She felt like she was in a self-help program.
The main problem had come when the boy randomly turned up in the kitchen during Mond’s mathematics lesson one room over. Tamara had been demonstrating a few simple derivative equations when she heard the pantry door open and close. She handed the chalk and slate to Mond and told her to continue working on the example problems while she went to investigate the origin of the noise.
What she found in the kitchen nearly made her vomit. The boy, wearing nothing but the drool-encrusted blanket he’d been sleeping with for the past three weeks wrapped precariously around him, was sticking his head into the pantry, covering his face with confectioner’s sugar and rubbing unpeeled banana mush all over his body. When he heard her come in, he looked up and grinned stupidly, his dark yellow and disgusting, his eyes red and swollen. He laughed a low and slow laugh, and began slapping his arms, making the pasty substance fly off him in little chunks.
Tamara had nearly kicked him right there, wishing she had the stomach to just kill the boy and be done with it. And the visual of his soiled face and revolting garb would have been enough to push her over the edge in that moment, but then Mond walked into the room.
“Boy? Is that you? I can hear you. What are you doing?” she asked. She ran to him and put out her hand, wiping the tips of her fingers against his coated chest. “What happened to you?” she gasped. “Why... what is that smell?”
Tamara had successfully kept them from seeing each other for the past two weeks, and as such, she had stopped really caring about the boy’s hygiene or appearance, as it had all been a façade for Mond’s sake anyway.
Mond turned like lightning to look up at Tamara.
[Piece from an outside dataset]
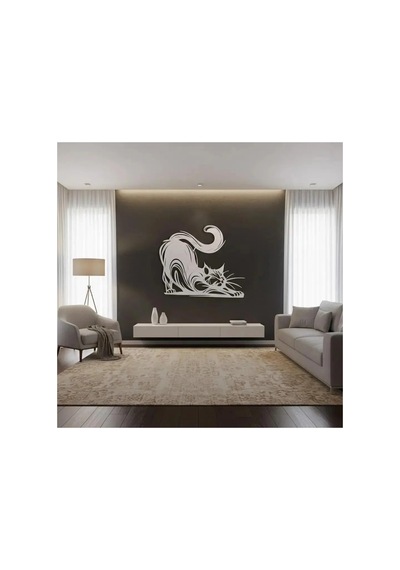 Dekoratif Metal Kedi Duvar Tablosu - Metal Duvar Sanatı - Mor - 75 X 60 Cm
Her startling milky eyes didn’t meet Tamara’s but the fury and hatred clearly visible on her face frightened Tamara. She envisioned the past few months of mother-daughter bonding attempts slipping away, as if down a bottomless pipe.
“Fix it,” Mond ordered. “Make him better.”
“It looks like he hasn’t been taking his medicine correctly, Mond,” Tamara said. “I didn’t realize—”
“You’re lying,” Mond said, her voice high, with a texture like gravel tossed on cement. “You’ve kept him from me so I wouldn’t see, and those medicines are making him like this. Fix it. Now.”
Tamara, speechless, and feeling practically breathless as well, caught off her guard by the ferocity of Mond’s words and the harsh expression on her face, stood stupidly slouching and still.
“Fix it!” Mond yelled. Her voice was unnaturally loud, even for an adult male four or five times her size, and Tamara thought he saw a flash of red glint across her eyes.
Tamara grabbed the boy’s arms, coating the palms of her hands in crusty banana paste. She began pulling him towards the stairs, planning on throwing him into a hot bath and soaking his blanket in a tub for a day or so, and he fought her every step. He mumbled and growled incoherently; Tamara felt like she was pulling teeth from the mouth of a loud and confused buffalo. Mond followed them both up the stairs and tended to the boy as Tamara struggled to set up the water. Tamara tried to protest, tried to hide the boy’s nakedness from Mond, even though she had sightless eyes, but Mond gave her a look that had a hint of death and suffering, and Tamara instinctually fled from it.
The cleaning of both blanket and boy took several hours, and when he was finally back into a bed with clean linens and Tamara and Mond were ready to return to the math lesson, Mond was beyond her ability to pay attention. She spent the rest of the light of day asking Tamara questions about the medications the boy was taking and why Tamara insisted he take them.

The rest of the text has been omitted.